BEGIN Excerpted data

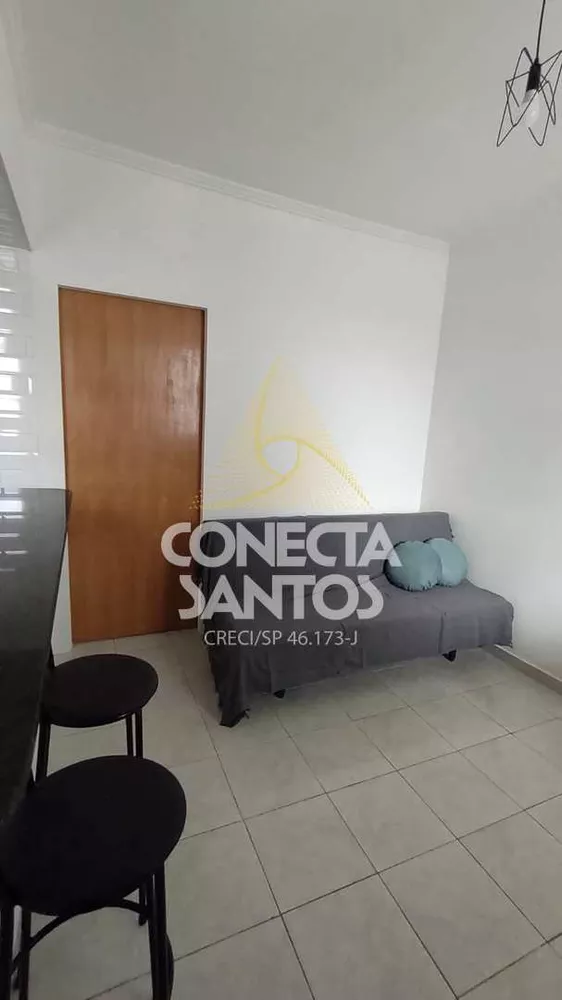 Apartamento, 1 quarto, 26 m² - Foto 2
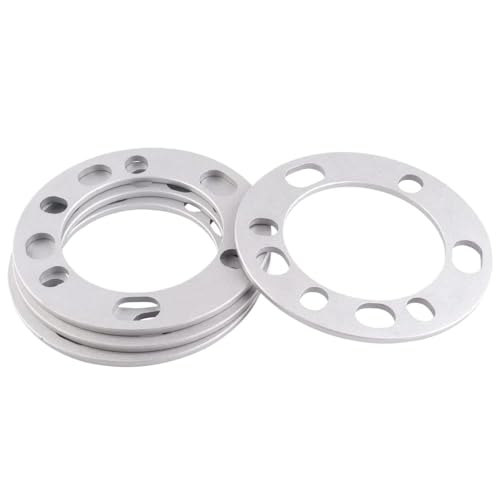 Entretoise de roue de précision pour moyeu de Cadillac Escalade - 5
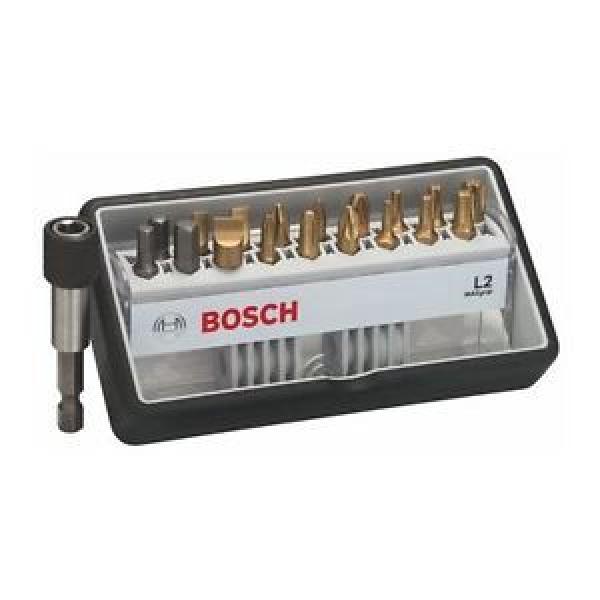 Bosch 2607002582 Robust Line Set Inserti Avvitamento, 18+1 Pezzi #1 image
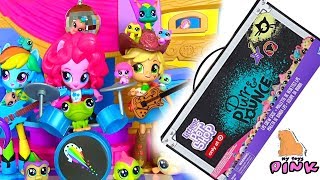 My Little Pony Май Литл Пони Мультик и Маленький Зоомагазин. КТО БУДЕТ ПЕТЬ? Целый Чемодан Петов!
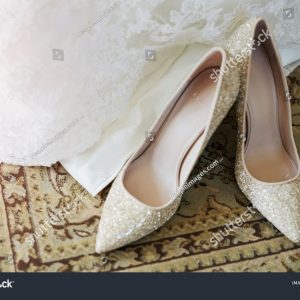 Wedding Shoes Clean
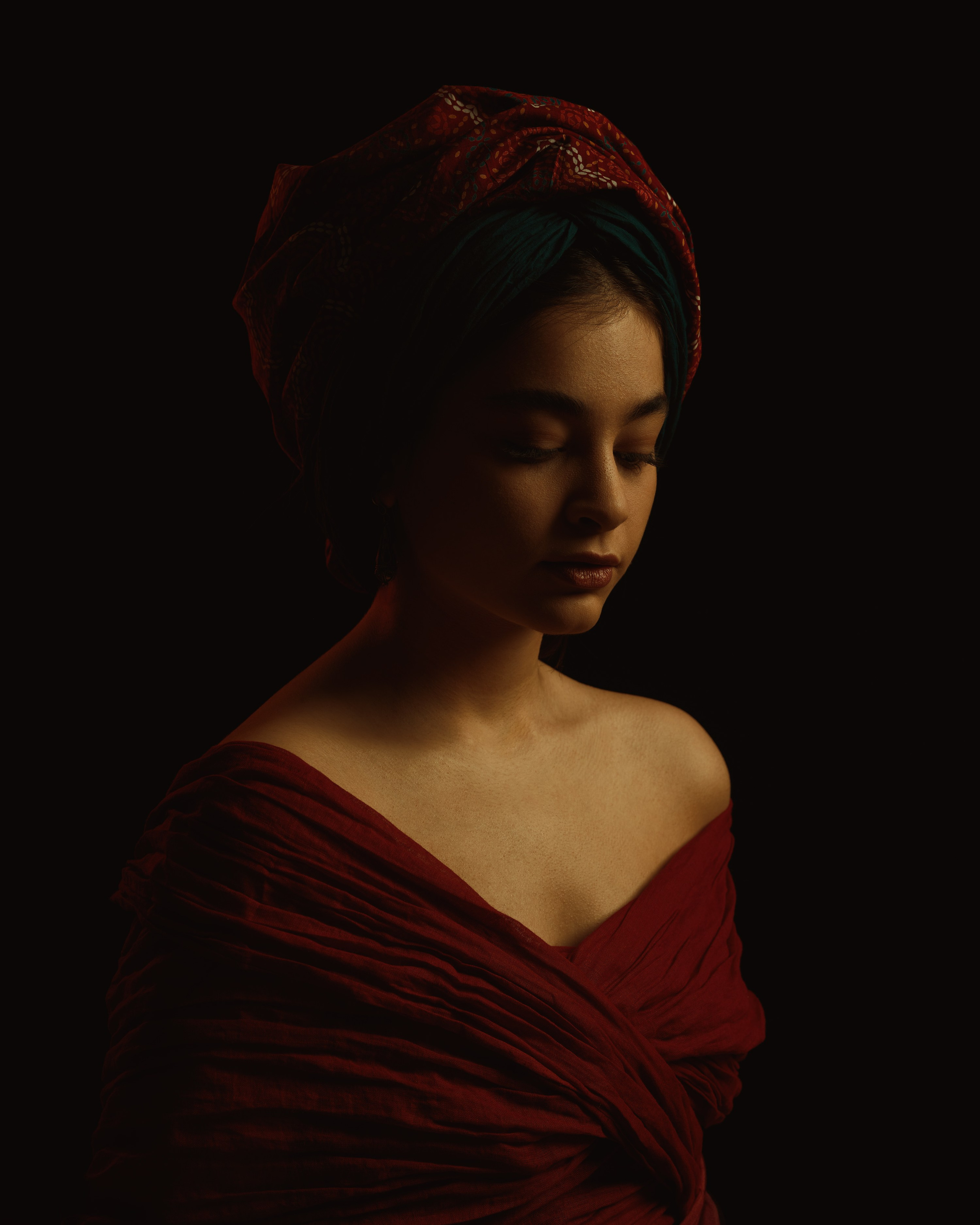 Portrait. Alireza Sahebi Photographer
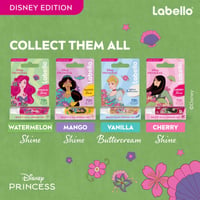 Labello Disney Princess Lippenbalsam Ariel Watermelon Shine 4.8g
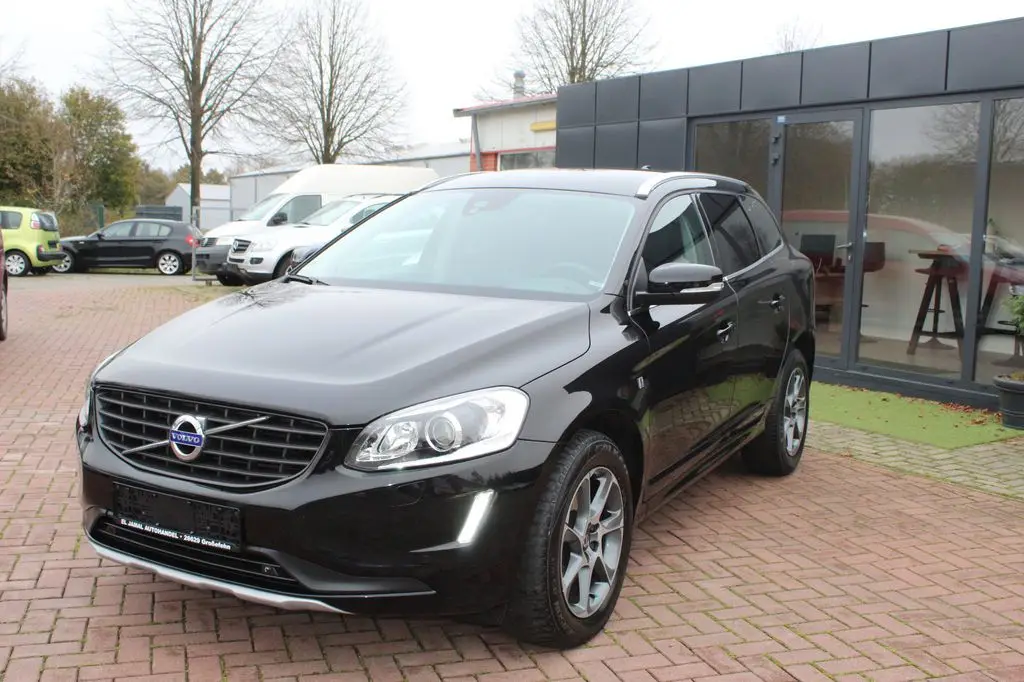 Photo 1 : Volvo Xc60 2017 Diesel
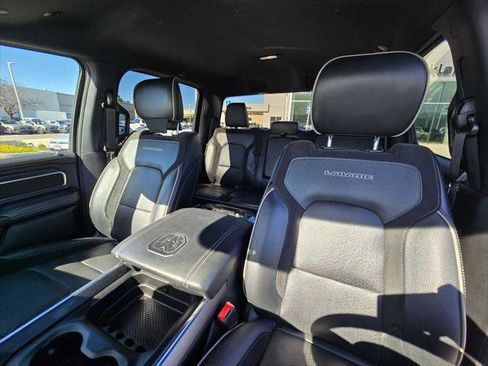 Used 2024 RAM 1500 Laramie RWD image 21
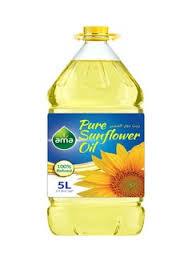 Ama Pure Sunflower Oil - 5 Liter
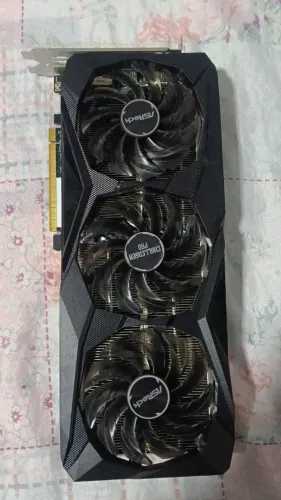 ASROCK RADEON RX7600 8GB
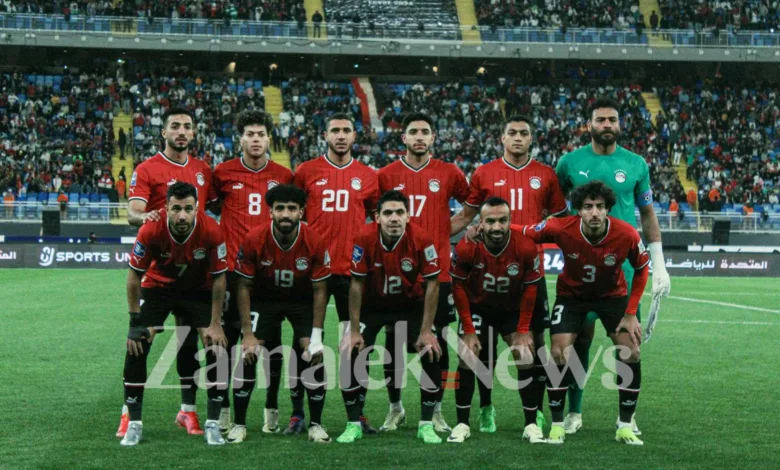 موعد مباراة منتخب مصر القادمة في نهائي كأس عاصمة مصر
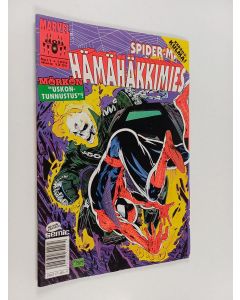 käytetty teos Hämähäkkimies 11/1993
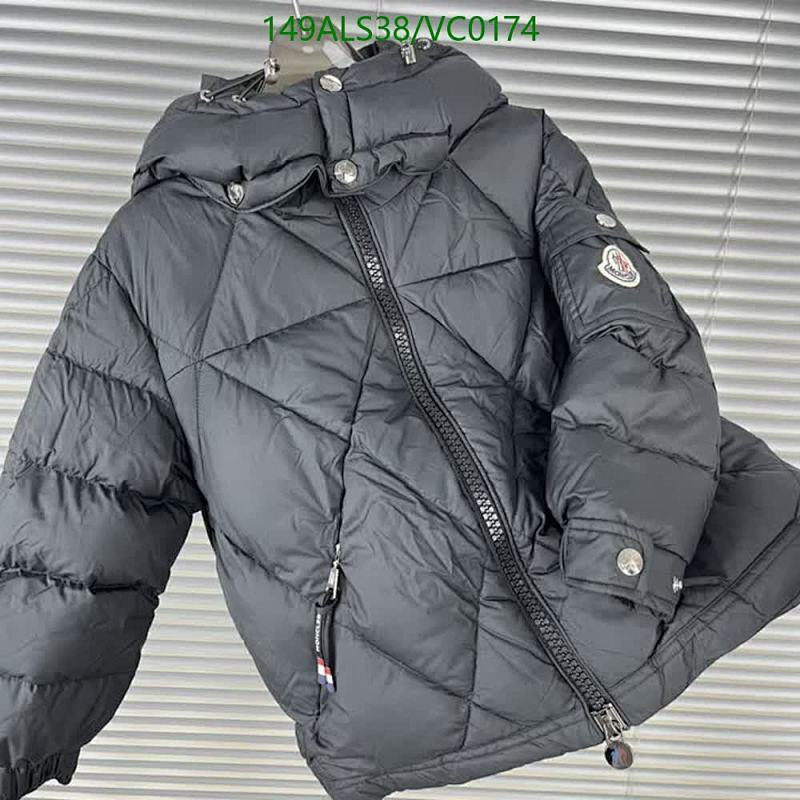 Down Jacket-Kids Clothing Code: VC0174 $: 149USD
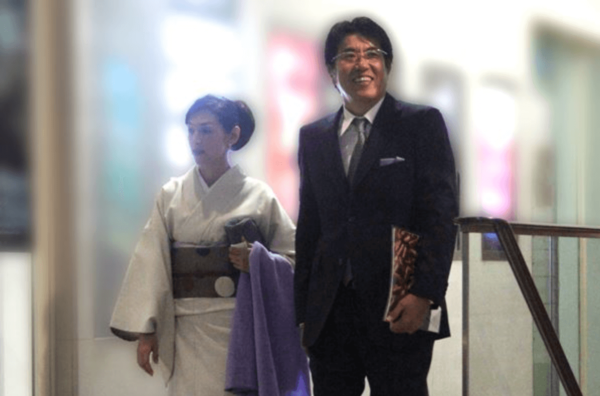 顔画像 鈴木保奈美の娘3人 しおん かのん 桃音 インスタ特定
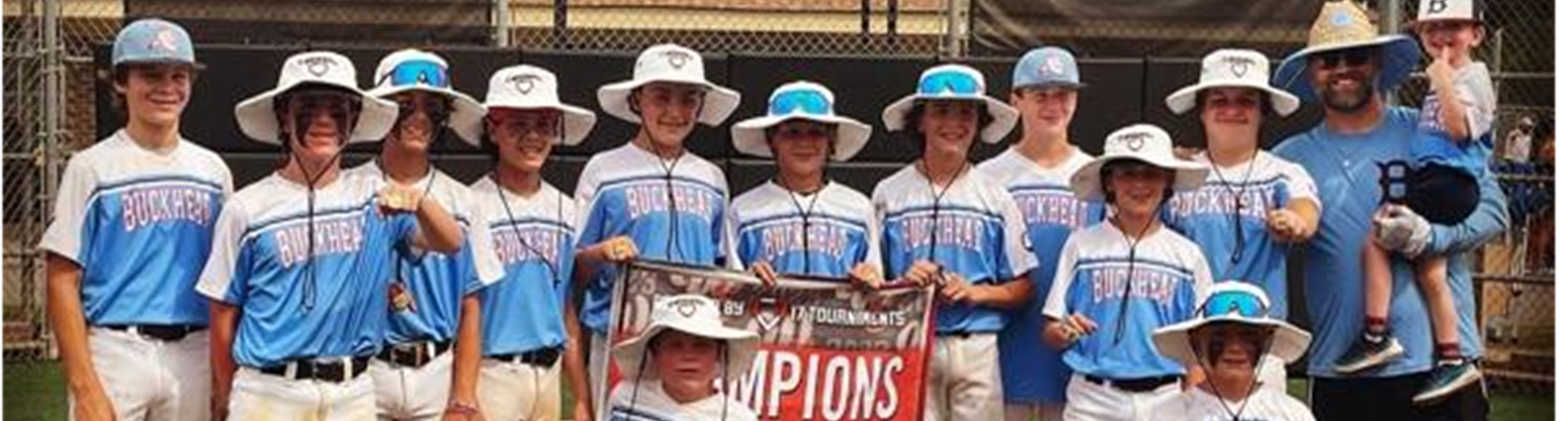 12U Wins Bulldog Bash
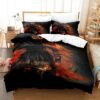 Dark Souls Bedding Set Single Twin Full Queen King Size Bed Set Aldult Kid Bedroom Duvetcover.jpg 640x640 2 - Dark Souls UK Store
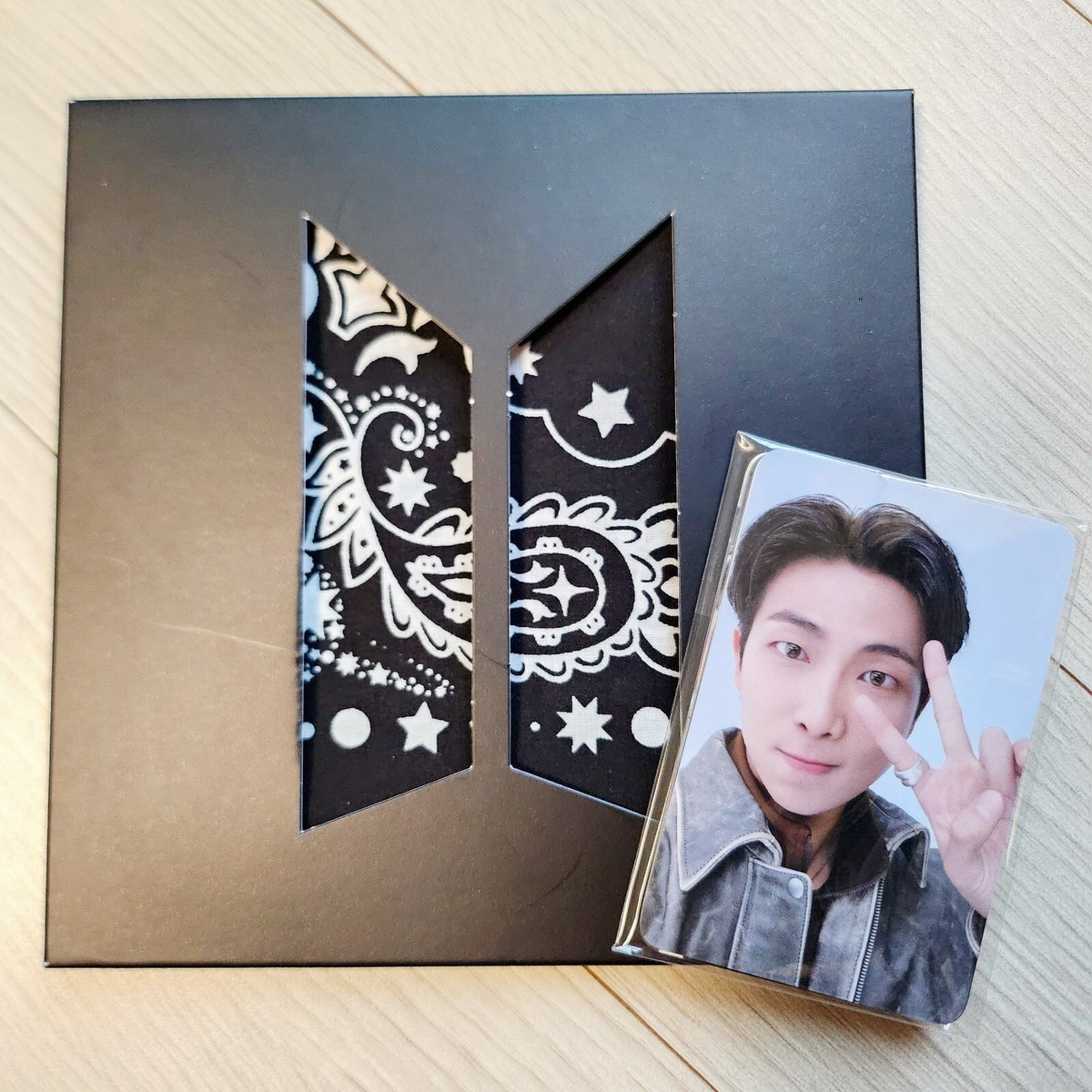 ON HAND] BTS FESTA 2025 ARMYZONE ARMY ZONE Official Photocard +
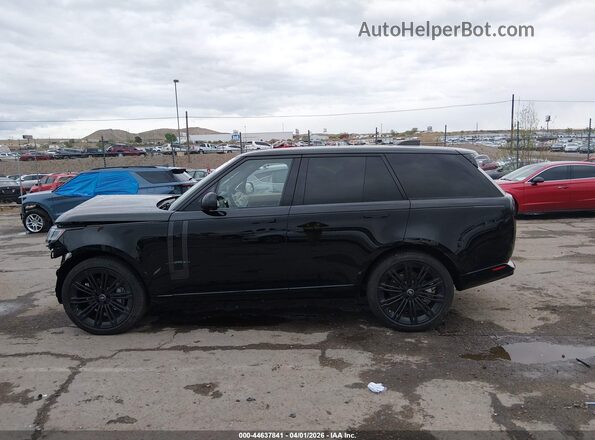 SALKP9FU9SA302248 2025 LAND ROVER RANGE ROVER Черный 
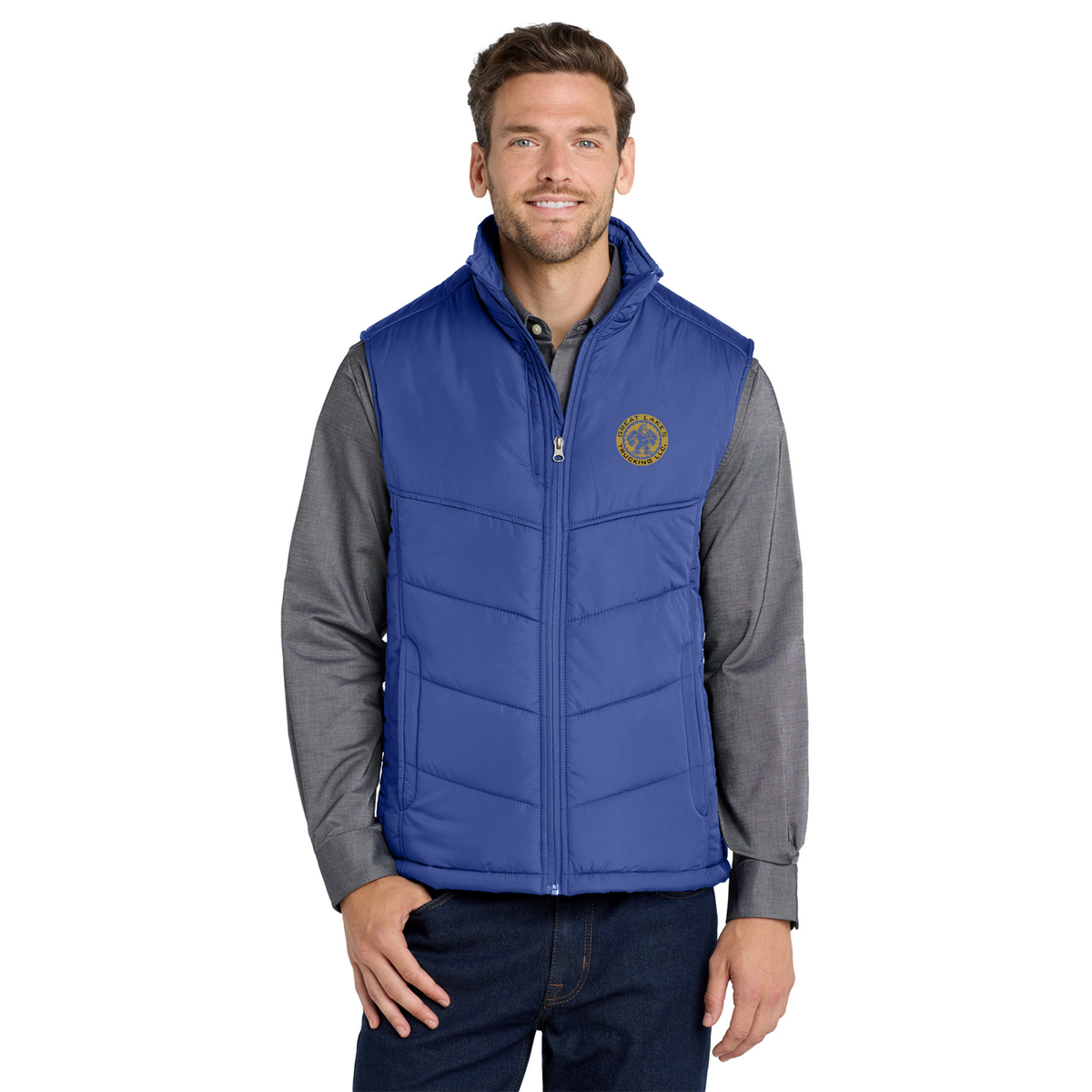 Port Authority® Puffy Vest
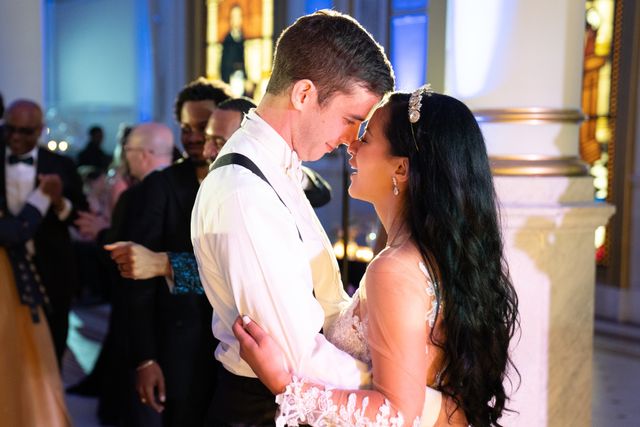 Featured photo from Philadelphia Wedding DJ - Matt & Liana @ One North Broad | Philly Star Events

END Excerpted data

## Problem statement
What is needed is an exact copy of only the lines above from the one with "My Little Pony" to the one with "Photo 1 : Volvo Xc60 2017 Diesel", both kept, with every picture left out.

## Written solution
 My Little Pony Май Литл Пони Мультик и Маленький Зоомагазин. КТО БУДЕТ ПЕТЬ? Целый Чемодан Петов!
 Wedding Shoes Clean
 Portrait. Alireza Sahebi Photographer
 Labello Disney Princess Lippenbalsam Ariel Watermelon Shine 4.8g
 Photo 1 : Volvo Xc60 2017 Diesel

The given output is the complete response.